Re: Spark Streaming: Custom Receiver OOM consistently

2017-05-23 Thread Manish Malhotra
Thanks !

On Mon, May 22, 2017 at 5:58 PM kant kodali <kanth...@gmail.com> wrote:

> Well there are few things here.
>
> 1. What is the Spark Version?
>
cdh 1.6

2. You said there is OOM error but what is the cause that appears in the
> log message or stack trace? OOM can happen for various reasons and JVM
> usually specifies the cause in the error message.
>
GC heap reached. Will send some logs as well.

>
> 3. What is the driver and executor memory?
>
Driver : 4g
Executor: 40g

> 4. What is the receive throughput per second and what is the data size of
> an average message?
>
Msg size : 2KB
1/sec per receiver. Running 2 receivers.

5. What OS you are using ?
>

Red hat Linux.

StorageLevel.MEMORY_AND_DISK_SER_2 This means that after the receiver
> receives the data is replicated across worker nodes.
>
yes but after batch is finished or after few batches receiver and worker
nodes should discard the old data ?


>
>
>
> On Mon, May 22, 2017 at 5:20 PM, Manish Malhotra <
> manish.malhotra.w...@gmail.com> wrote:
>
>> thanks Alonso,
>>
>> Sorry, but there are some security reservations.
>>
>> But we can assume the receiver, is equivalent to writing a JMS based
>> custom receiver, where we register a message listener and for each message
>> delivered by JMS will be stored by calling store method of listener.
>>
>>
>> Something like :
>> https://github.com/tbfenet/spark-jms-receiver/blob/master/src/main/scala/org/apache/spark/streaming/jms/JmsReceiver.scala
>>
>> Though the diff is here this JMS receiver is using block generator and
>> the calling store.
>> I m calling store when I receive message.
>> And also I'm not using block generator.
>> Not sure if that something will make the memory to balloon up.
>>
>> Btw I also run the same message consumer code from standalone map and
>> never seen this memory issue.
>>
>> On Sun, May 21, 2017 at 10:20 AM, Alonso Isidoro Roman <
>> alons...@gmail.com> wrote:
>>
>>> could you share the code?
>>>
>>> Alonso Isidoro Roman
>>> [image: https://]about.me/alonso.isidoro.roman
>>>
>>> <https://about.me/alonso.isidoro.roman?promo=email_sig_source=email_sig_medium=email_sig_campaign=external_links>
>>>
>>> 2017-05-20 7:54 GMT+02:00 Manish Malhotra <
>>> manish.malhotra.w...@gmail.com>:
>>>
>>>> Hello,
>>>>
>>>> have implemented Java based custom receiver, which consumes from
>>>> messaging system say JMS.
>>>> once received message, I call store(object) ... Im storing spark Row
>>>> object.
>>>>
>>>> it run for around 8 hrs, and then goes OOM, and OOM is happening in
>>>> receiver nodes.
>>>> I also tried to run multiple receivers, to distribute the load but
>>>> faces the same issue.
>>>>
>>>> something fundamentally we are doing wrong, which tells custom 
>>>> receiver/spark
>>>> to release the memory.
>>>> but Im not able to crack that, atleast till now.
>>>>
>>>> any help is appreciated !!
>>>>
>>>> Regards,
>>>> Manish
>>>>
>>>>
>>>
>>
>


Re: Spark Streaming: Custom Receiver OOM consistently

2017-05-22 Thread Manish Malhotra
thanks Alonso,

Sorry, but there are some security reservations.

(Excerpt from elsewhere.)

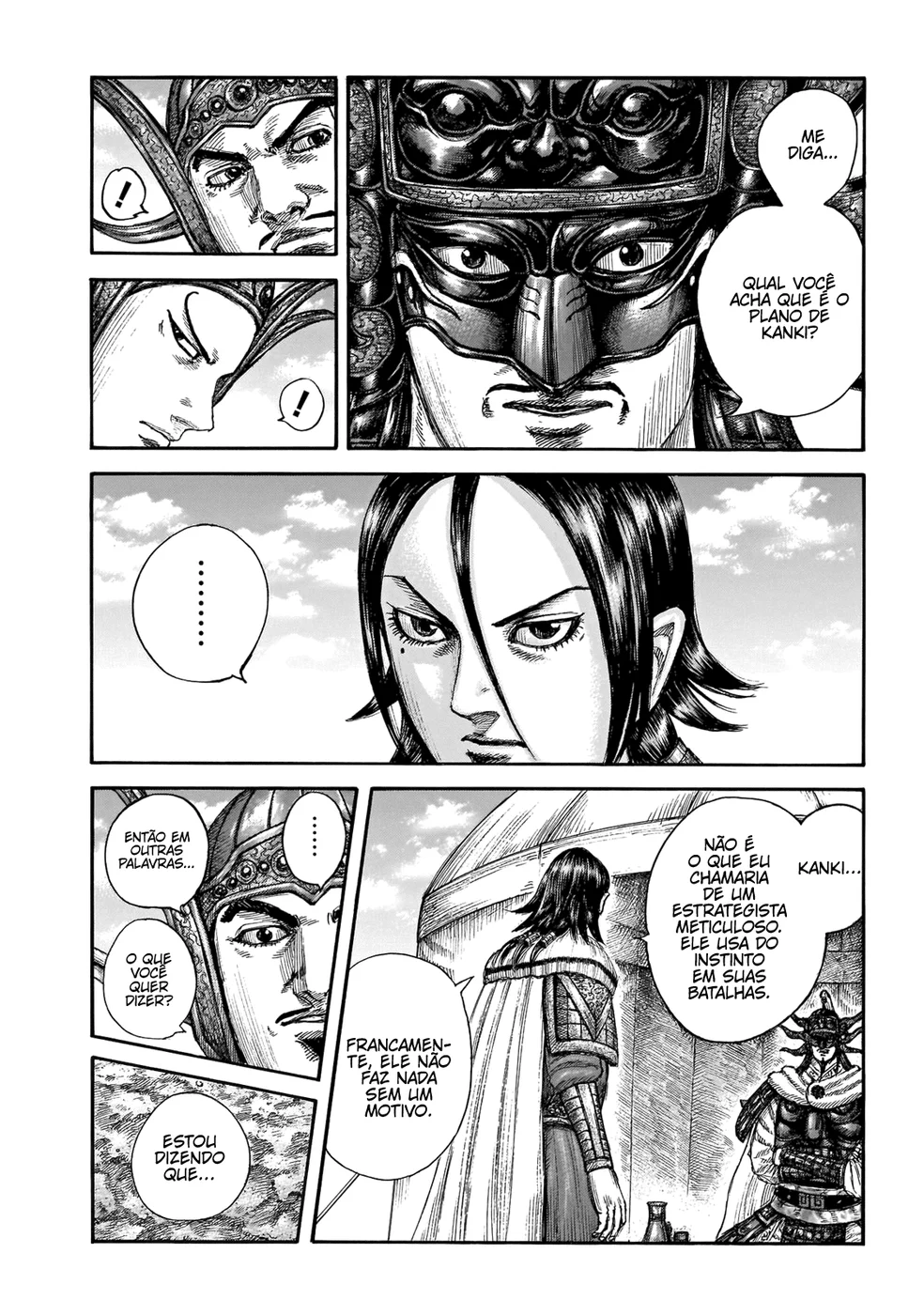 Read Reino (Kingdom) PT-BR Manga Online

But we can assume the receiver, is equivalent to writing a JMS based custom
receiver, where we register a message listener and for each message
delivered by JMS will be stored by calling store method of listener.


Something like :
https://github.com/tbfenet/spark-jms-receiver/blob/master/src/main/scala/org/apache/spark/streaming/jms/JmsReceiver.scala

Though the diff is here this JMS receiver is using block generator and the
calling store.
I m calling store when I receive message.
And also I'm not using block generator.
Not sure if that something will make the memory to balloon up.

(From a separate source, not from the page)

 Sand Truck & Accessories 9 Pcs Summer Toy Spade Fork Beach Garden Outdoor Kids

Btw I also run the same message consumer code from standalone map and never
seen this memory issue.

On Sun, May 21, 2017 at 10:20 AM, Alonso Isidoro Roman <alons...@gmail.com>
wrote:

> could you share the code?
>
> Alonso Isidoro Roman
> [image: https://]about.me/alonso.isidoro.roman
>
> <https://about.me/alonso.isidoro.roman?promo=email_sig_source=email_sig_medium=email_sig_campaign=external_links>
>
> 2017-05-20 7:54 GMT+02:00 Manish Malhotra <manish.malhotra.w...@gmail.com>
> :
>
>> Hello,
>>
>> have implemented Java based custom receiver, which consumes from
>> messaging system say JMS.
>> once received message, I call store(object) ... Im storing spark Row
>> object.
>>
>> it run for around 8 hrs, and then goes OOM, and OOM is happening in
>> receiver nodes.
>> I also tried to run multiple receivers, to distribute the load but faces
>> the same issue.
>>
>> something fundamentally we are doing wrong, which tells custom receiver/spark
>> to release the memory.
>> but Im not able to crack that, atleast till now.
>>
>> any help is appreciated !!
>>
>> Regards,
>> Manish
>>
>>
>


Spark Streaming: Custom Receiver OOM consistently

2017-05-19 Thread Manish Malhotra
Hello,

have implemented Java based custom receiver, which consumes from messaging
system say JMS.
once received message, I call store(object) ... Im storing spark Row object.

it run for around 8 hrs, and then goes OOM, and OOM is happening in receiver
 nodes.
I also tried to run multiple receivers, to distribute the load but faces
the same issue.

something fundamentally we are doing wrong, which tells custom receiver/spark
to release the memory.
but Im not able to crack that, atleast till now.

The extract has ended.